If the water on Earth did form from a thick hydrogen atmosphere, however, it should have originally had a far lower value of the deuterium-to-hydrogen ratio than we see in sea water today. But Genda and Ikoma have got round this problem. Their calculations show that the ratio would have naturally drifted upwards over time.

Several effects would have contributed to this rise, including leakage of hydrogen into space. Energy from the Sun would have made most of the hydrogen escape, but the heavier deuterium would have escaped less easily, so it would have become more concentrated.

Also, chemical reactions favour the gradual exchange of hydrogen in water molecules for deuterium. Genda and Ikoma conclude from their calculations that that the oceans might well have been chemically manufactured right here on Earth.

Kathrin Altwegg, a comet expert from Bern University in Switzerland. "We might have to rethink theories of how much water the comets could have brought." She suspects the picture might be a complex one in which water came from chemical reactions on Earth as well as asteroids and comets.

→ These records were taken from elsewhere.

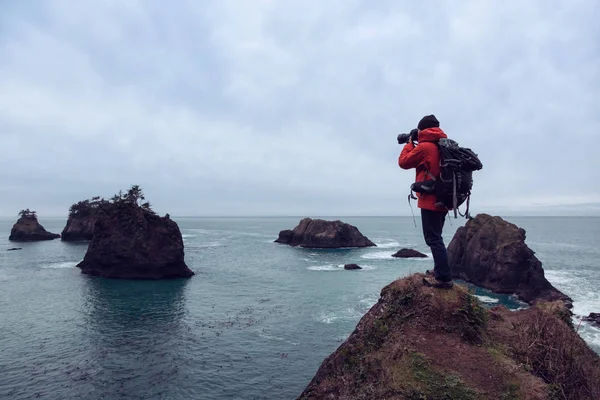 Fotógrafo en Oregon Coast — Foto de Stock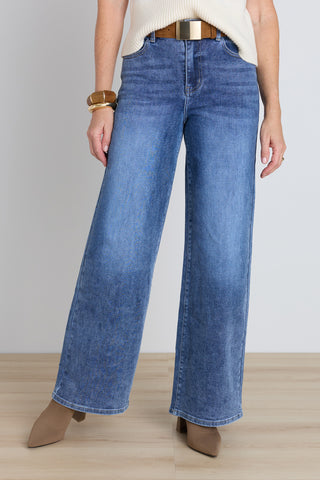 The Celeste Slim Palazzo Jean in medium blue, high-waisted wide-leg stretch denim
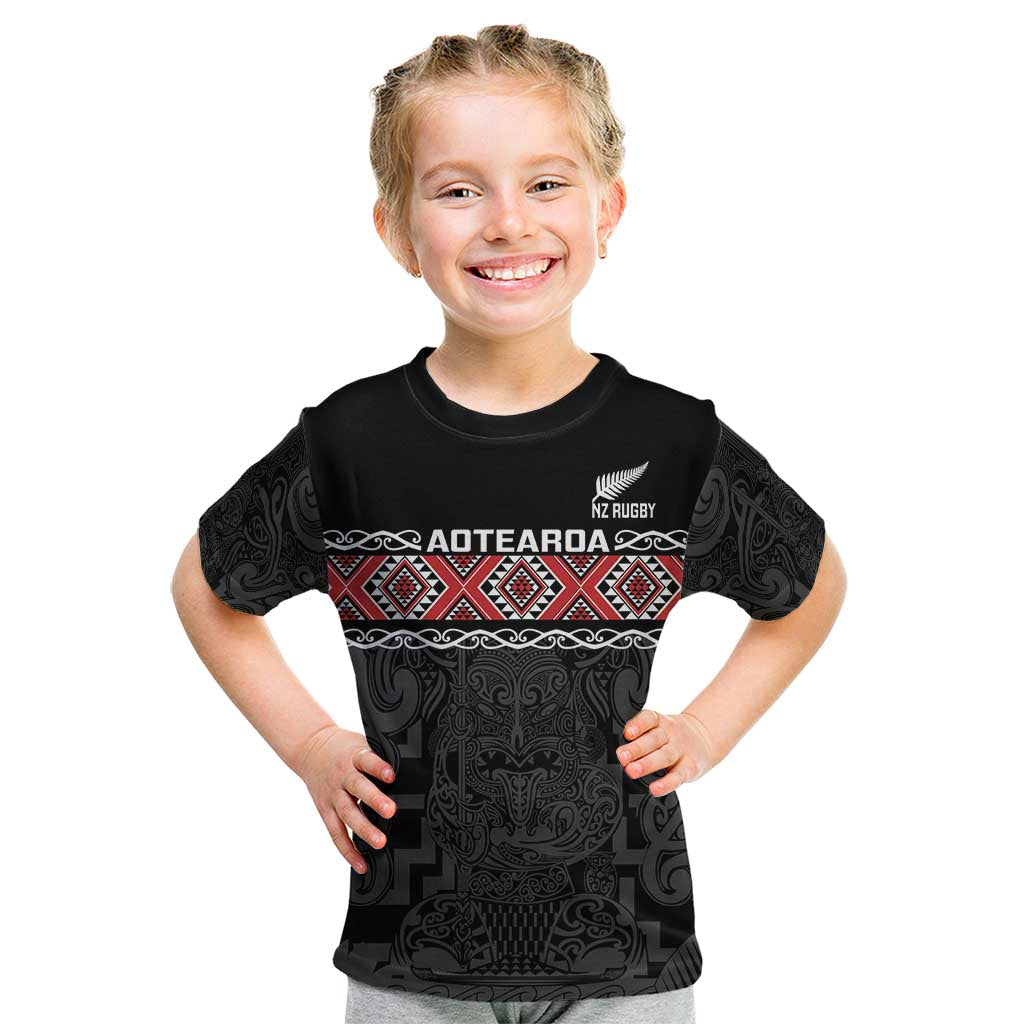 Custom New Zealand Silver Fern Rugby Kid T Shirt All Black Maori Taniko Pattern LT14 Black - Polynesian Pride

But Altwegg says much more observational evidence is needed to clarify our hazy picture of the solar system's early history. Spacecraft missions need to investigate deuterium-to-hydrogen ratios on planets, moons and comets at various locations across the solar system, she says.

One intriguing clue could come from NASA's Phoenix Mars Lander, due to arrive on the Red Planet in May 2008. It aims to measure the deuterium-to-hydrogen ratio in Martian water ice for the first time.